Lucerne School of Computer Science and Information Technology
- Type: Public university
- Established: 2016
- Parent institution: Lucerne University of Applied Sciences and Arts
- Location: Rotkreuz, Rotkreuz in Kanton Zug, Switzerland
- Website: www.hslu.ch/en/lucerne-school-of-information-technology/

= Lucerne School of Computer Science and Information Technology =

The Lucerne School of Computer Science and Information Technology (Hochschule Luzern – Informatik) is a professional school for information technology (IT) in Switzerland. Often called just School of Information Technology, it is a division of the Lucerne University of Applied Sciences and Arts. The campus is in Rotkreuz in Kanton Zug.

== History ==
The Lucerne School of Computer Science and Information Technology was formed in 2016 as a separate department of the Lucerne University of Applied Sciences and Arts. The department was merged from the IT department of the School of Engineering and Architecture and the institute of business informatic of the Business School and Management. The campus is Rotkreuz in Kanton Zug. A new building there, used jointly with the Institute of Financial Services, was opened in 2019. All study programs are offered at one location.

== Study programs ==
Research at the School of Information Technology includes studies of constraint satisfaction and discrete optimisation, digital image processing, machine learning, mobile computing, and natural language processing.
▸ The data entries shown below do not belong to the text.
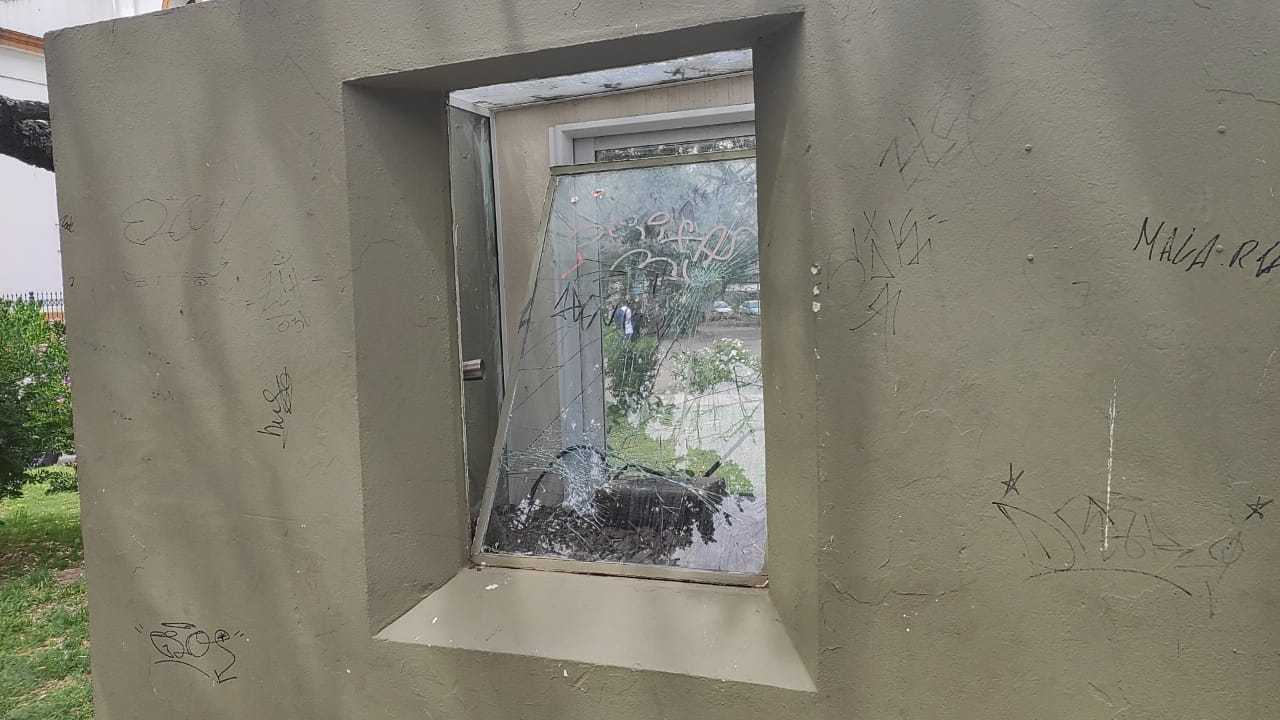 ROBO Y VANDALISMO PLAZA CENTRAL - ROBARON SAN FRANCISCO 1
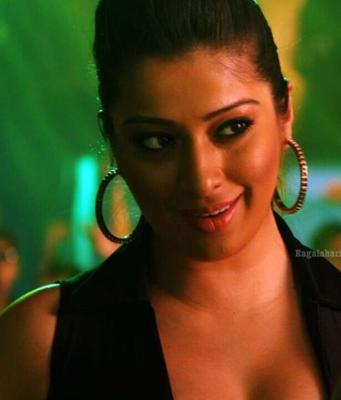 Lakshmi Rai - Spicy Balupu Item Song Stills de celebridade indiana peituda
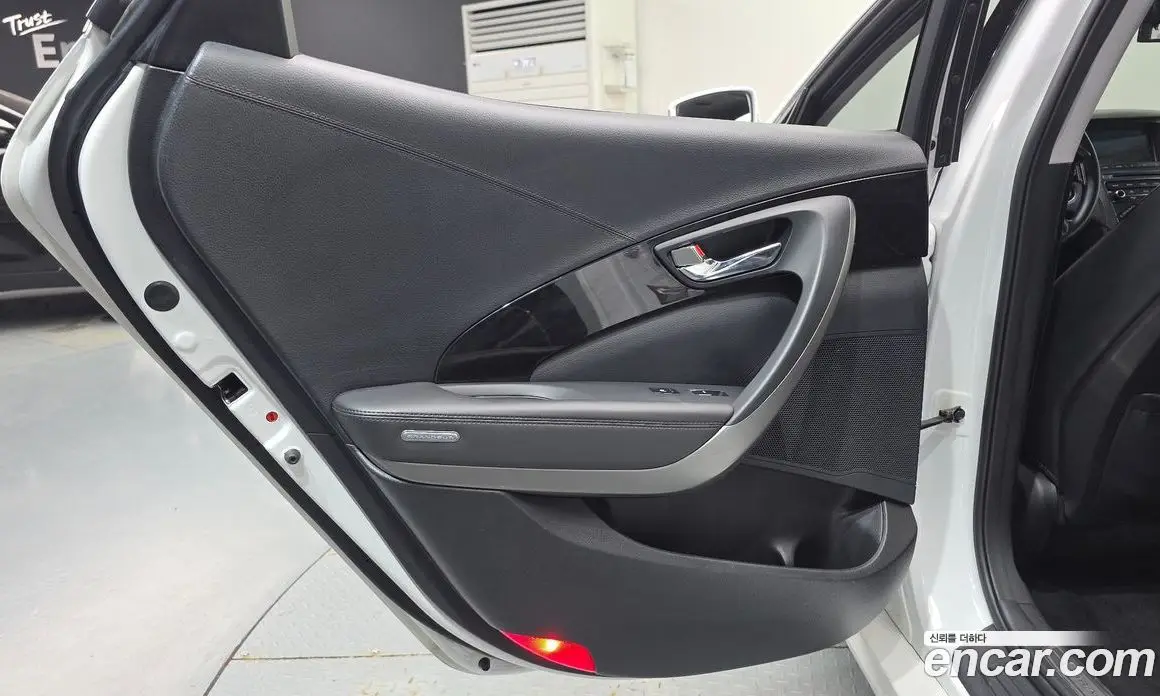 Hyundai Grandeur 2015 3.0 автомат (гидро), фото 15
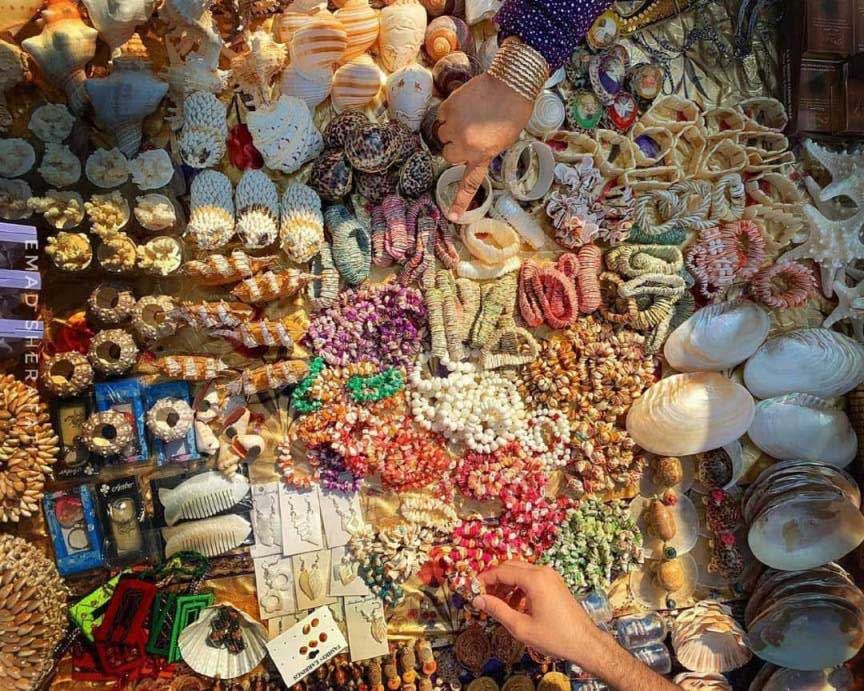 نمایی کلی از صنایع دستی قشم و سوغات محلی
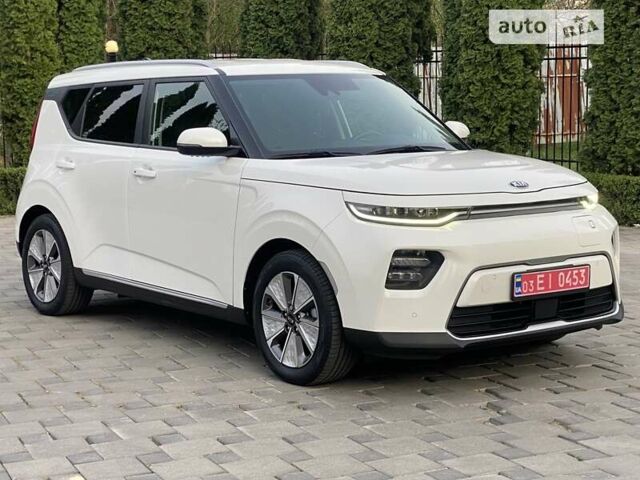 Белый Киа Soul EV, объемом двигателя 0 л и пробегом 33 тыс. км за 20950 $, фото 15 на Automoto.ua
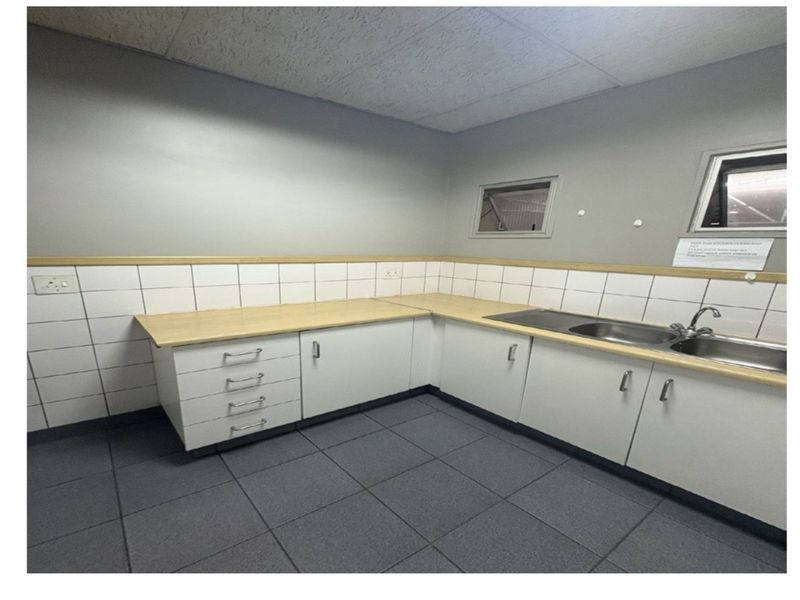 Premium A-Grade Industrial Property | Spartan, Kempton Park - Photo 4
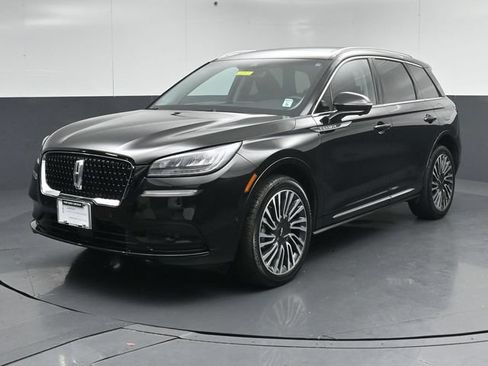 Certified 2022 Lincoln Corsair Reserve w/ Equipment Group 201A AWD/4WD image 3
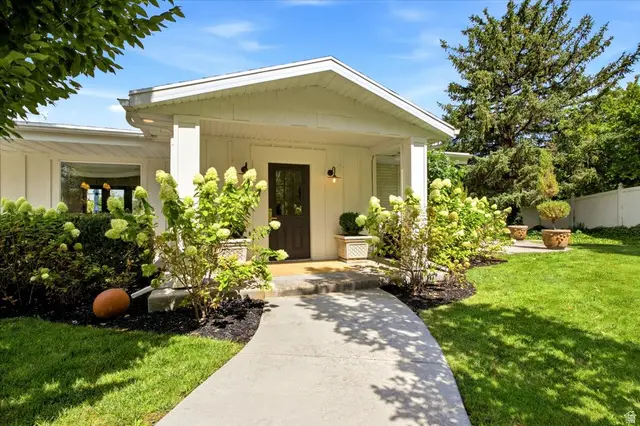 2424 E Oakcrest Ln, Holladay, UT 84121 - #2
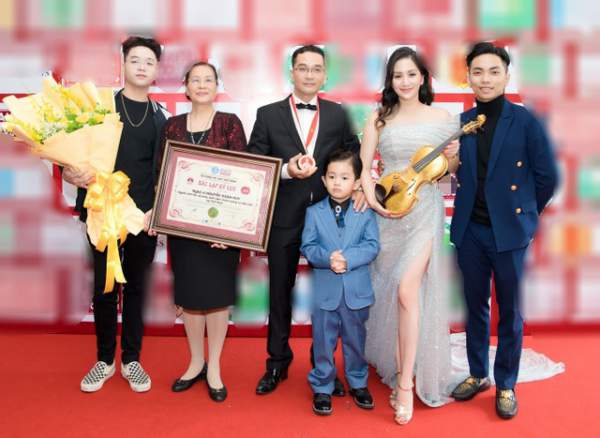 Khánh Thi tiết lộ anh trai nhận kỷ lục Việt Nam về chế tác violin bằng sứ 3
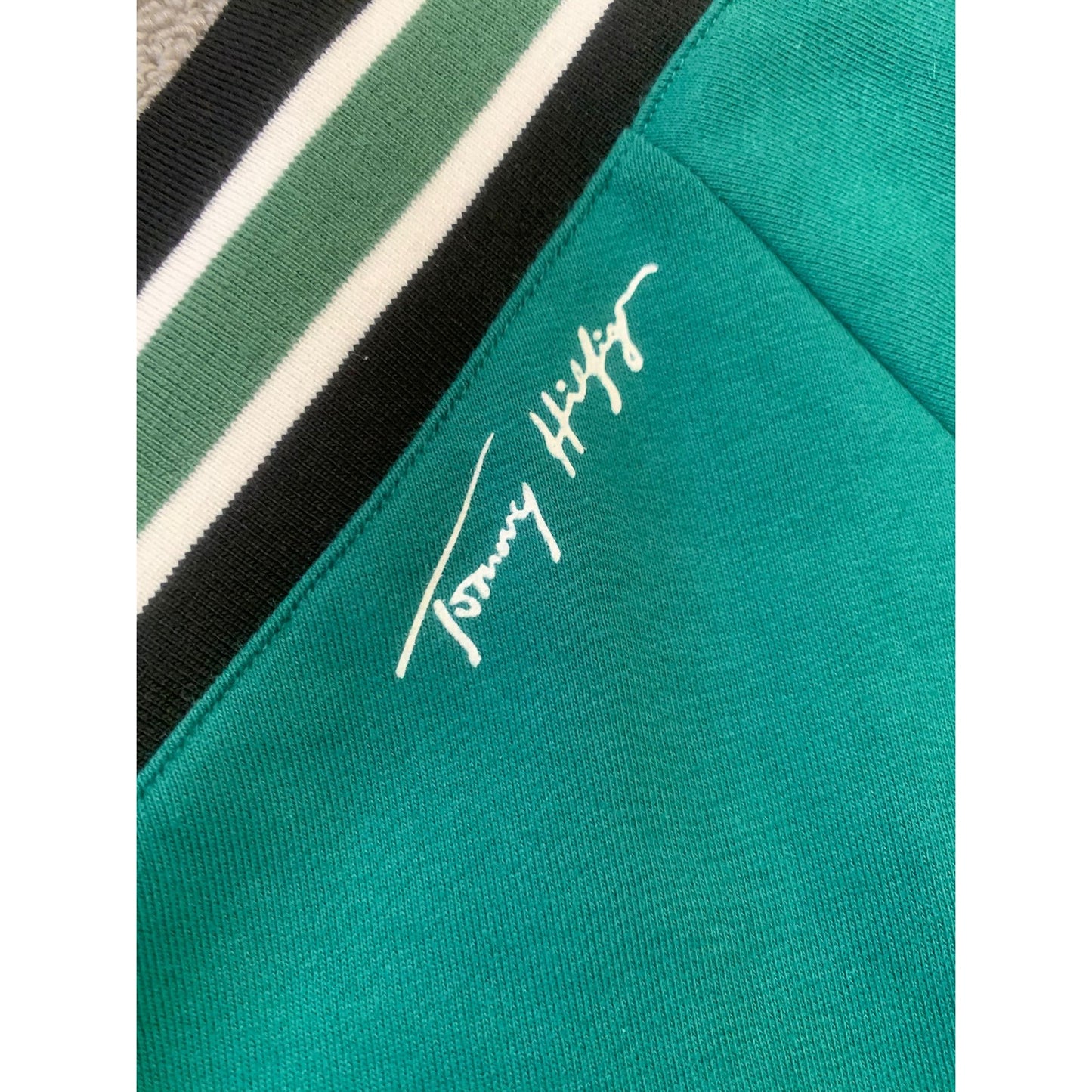 Tommy Hilfiger Women's XL Green Jets NFL Sweatshirt Pullover New With Tags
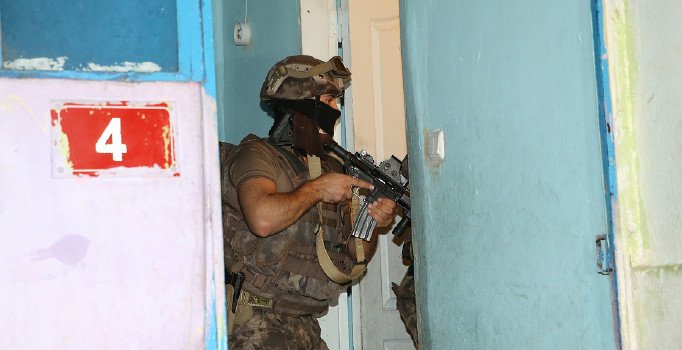 İstanbul'da eş zamanlı PKK operasyonu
The school offers bachelor's degrees and master's degrees. The six bachelor study programs are:
- Artificial Intelligence and Machine Learning
- Digital Ideation
- Computer Science
- Information and Cyber Security
- International IT Management
- Business Information Technology.

The study program for cyber security was installed in 2018, as the first such course at a university of applied sciences in Switzerland. Guy Parmelin who was then Bundesrat responsible for defence and security, and is now president of Switzerland, inaugurated the program that he had promoted.

The master's study courses are:
- Master of Science in Engineering
- Master of Science in Business Information Technology
- Master Digital Ideation

A joint master's degree is offered in the field of Specialized Media.

== Impact ==
In international collaboration, the school works with universities such as Purdue University. It is a partner in international conferences, such as the Swisstext 2016, a conference for text analytics. The school and the division of innovation and technology launched a project in 2017 aiming at a connection and collaboration between small and medium-sized enterprises (SME) and start-ups. In 2018, scientists from the Lucerne School of Information Technology participated in an international research network project to advise politicians of the European Union (EU) regarding blockchain technology.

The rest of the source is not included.